Taking MarketingProfs’ piece, “How to be a good Public Relations Client.” Ford Kanzler, a principal at Marketing/PR Savvy, wrote in 2008 about the importance of teamwork and collaboration. He cited press releases as an example of important agency/client collaboration. That’s where a company secured an outsider’s point of view to publish a press release that passes the “so what” test. He concluded, “Clients should continuously get more from their agency as time passes. As the relationship and the agency team’s client knowledge grows, so should the service quality level.”

In other words, being a good client means you will improve your PR return on investment.

Business publications have sought to explain how best to do that. Inc., for example, published “How to Make the Most of Your Public Relations Firm.” The 2010 article outlined four steps clients need to take:

  1. Focus on communications
  2. Set solid expectations
  3. Use all available services
  4. Work with your agency to deal with crisis situations

Five years later Forbes published “How to Manage Your Public Relations Agency” with a 10-point checklist, beginning with defining objectives, starting with trust, and giving a three-month window to see if the agency was capable of doing the job.

What these articles miss is the approach both parties need to get the most out of their symbiotic relationship with each other. For example, when the client is disappointed, how should they communicate their frustration to get the results they need? Will yelling work? A guilt trip? A plaintive request for help?

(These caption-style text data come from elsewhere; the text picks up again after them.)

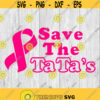 Save The TaTas svg png ai eps dxf DIGITAL FILES for Cricut CNC and other cut or print projects Design 236
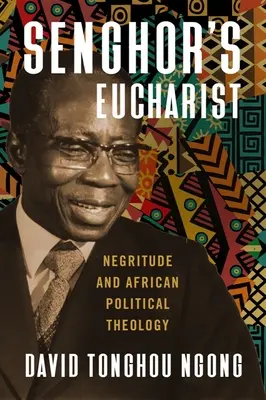Senghor eucharisztiája: Negritude és az afrikai politikai teológia - Senghor's Eucharist: Negritude and African Political Theology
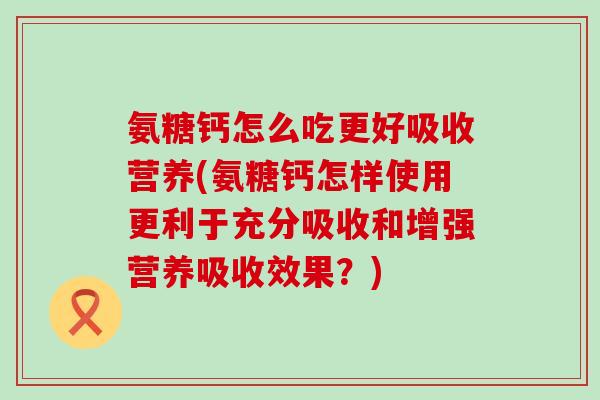 氨糖钙怎么吃更好吸收营养(氨糖钙怎样使用更利于充分吸收和增强营养吸收效果？)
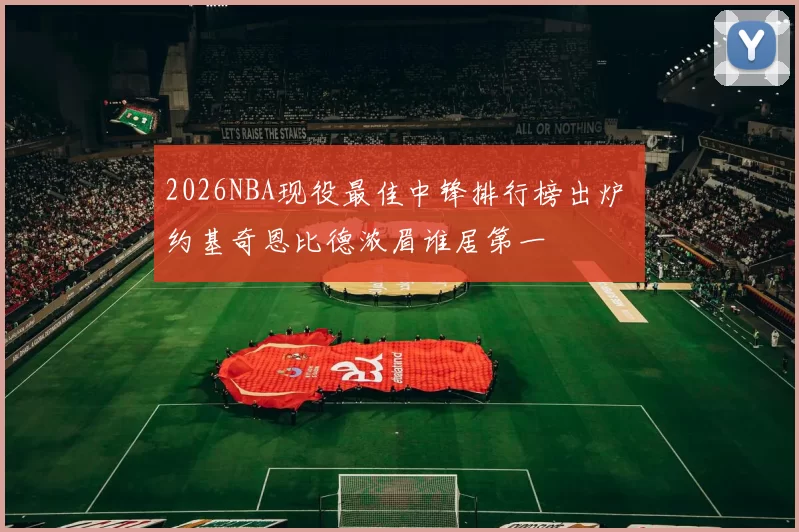 2026NBA现役最佳中锋排行榜出炉 约基奇恩比德浓眉谁居第一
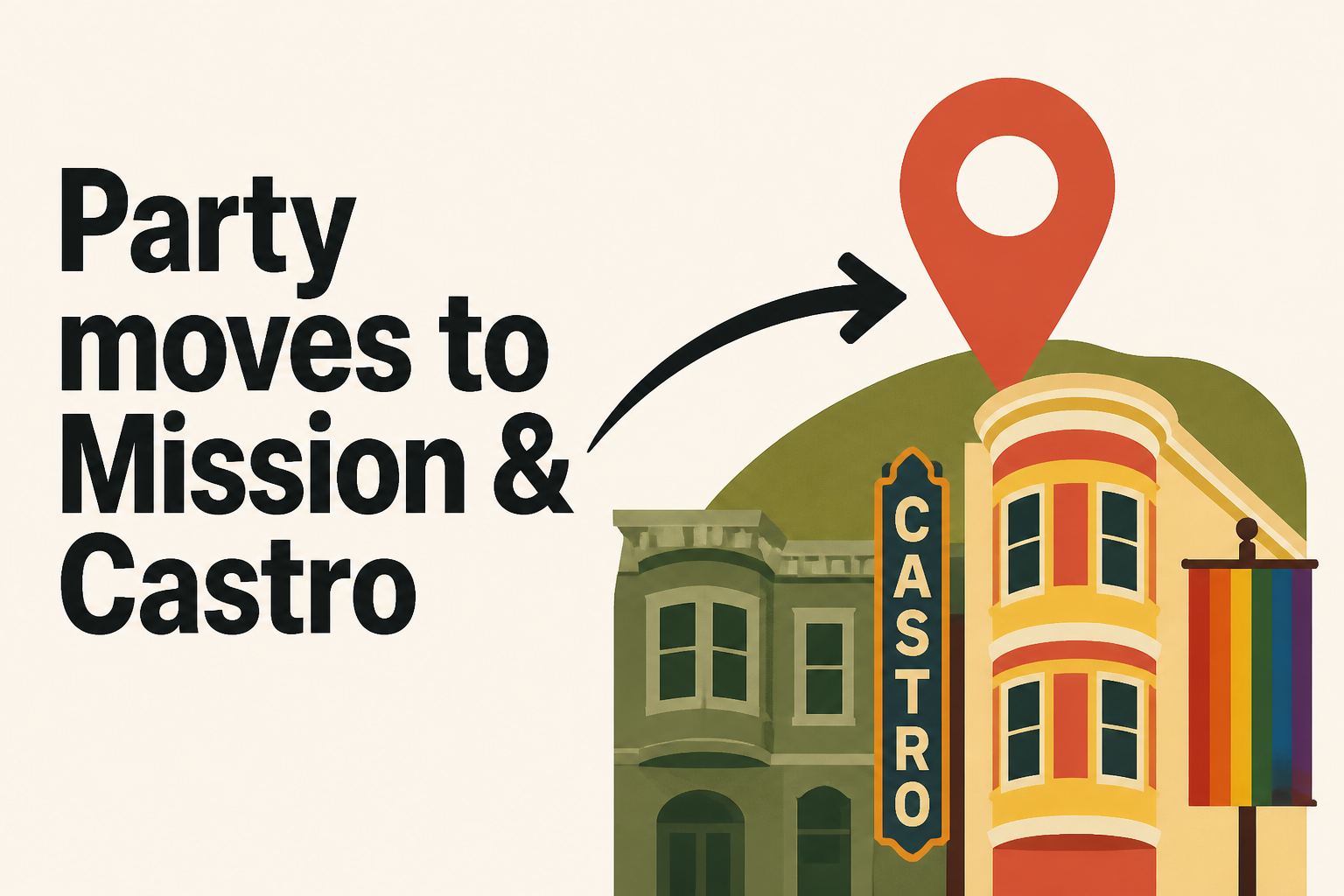 Party moves to Mission & Castro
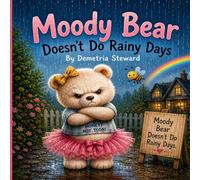 Moody Bear Doesn’t Do Rainy Days.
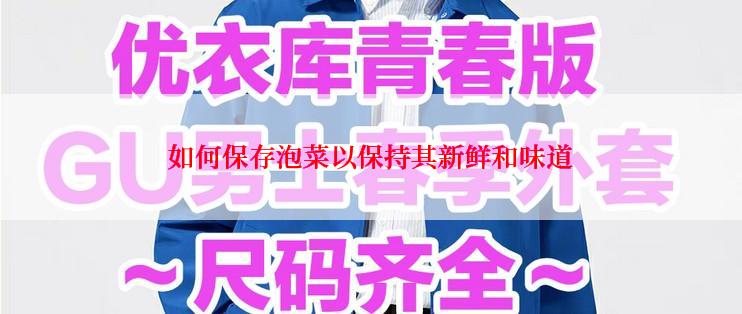 如何保存泡菜以保持其新鲜和味道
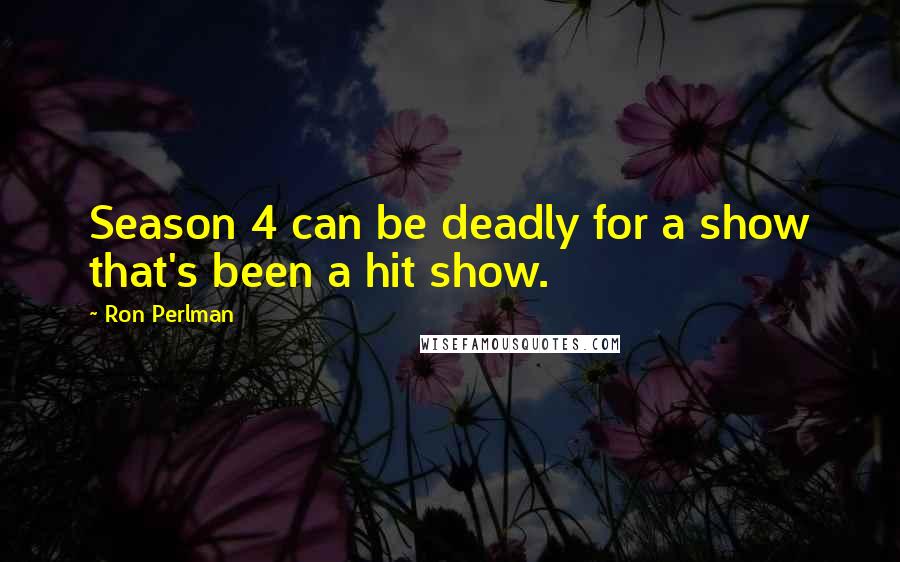 Ron Perlman Quotes: Season 4 can be deadly for a show that's been a hit show.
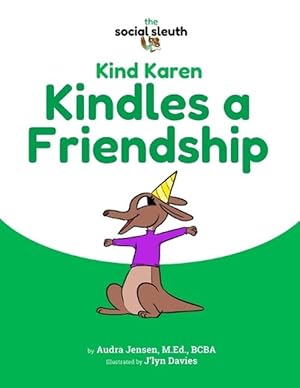 Seller image for Kind Karen Kindles a Friendship (Paperback) for sale by Grand Eagle Retail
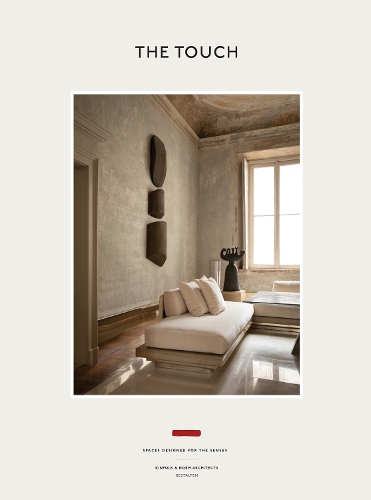 Паперова книга «The Touch (New Edition): Spaces Designed for the Senses», автор Кінфолк - фото №1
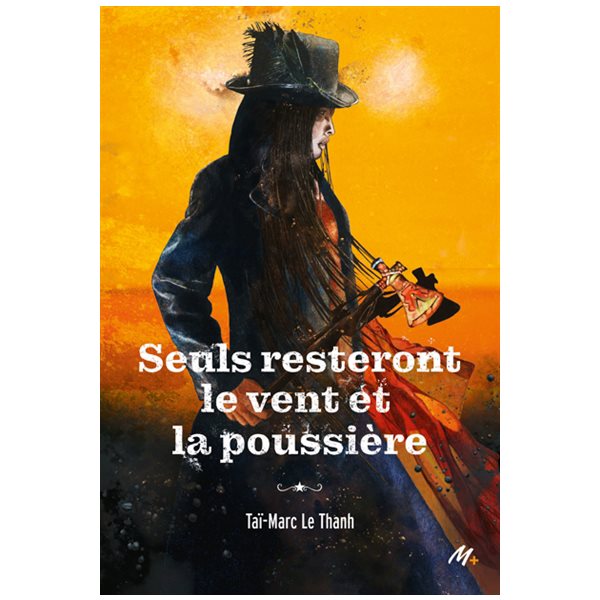 Seuls resteront le vent et la poussière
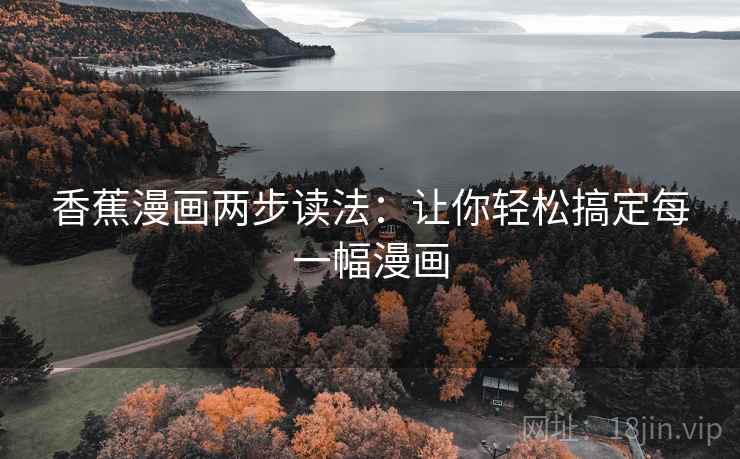 香蕉漫画两步读法：让你轻松搞定每一幅漫画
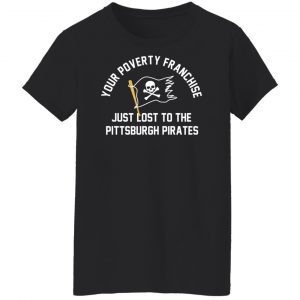 Your Poverty Franchise Just Lost To The Pittsburgh Pirates T-Shirts, Hoodies, Sweater 7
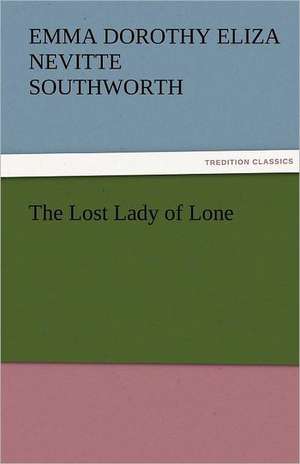 The Lost Lady of Lone de Emma Dorothy Eliza Nevitte Southworth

Or when the agency has heard the client suggest a very-bad-no-good idea, how should they voice their concerns? Immediately? With a guffaw? Or an audit of similar tactics and strategies to show likely outcomes?

“In my experience, PR people are generally creative and don’t respond well to being raked over the coals, yelling or anything emotional,” said Ann Ruckstuhl, CMO of SOASTA. “A good PR manager from the client side is someone who sets expectations and programmatic KPIs clearly and understands that mutual respect and trust is the most effective approach to dealing with a PR agency. I have found that agencies will not only meet their KPIs but surpass them if they are inspired by liking you rather than fearing you.”

“I’ve never understood why some PR agency clients don’t bother getting what they pay for,” said Sam Whitmore, an independent tech media analyst who founded Media Survey in 1998 to help PR agencies deliver better coverage for their clients. “I’ve asked around, and the best answer I ever got was, ‘Sometimes the client just wants a point-of-view.’ That’s beautiful. The next time I need a doctor or lawyer, I think I’ll just ask for their point-of-view before I go ahead and treat myself or defend myself.”

Tricia Heinrich, the chief content office at Bospar, has a balanced, perfect point of view of what both sides need to do, having been on the agency side as a senior vice president of Weber Shandwick Worldwide and the client side with both ON24 and Genesys Conferencing.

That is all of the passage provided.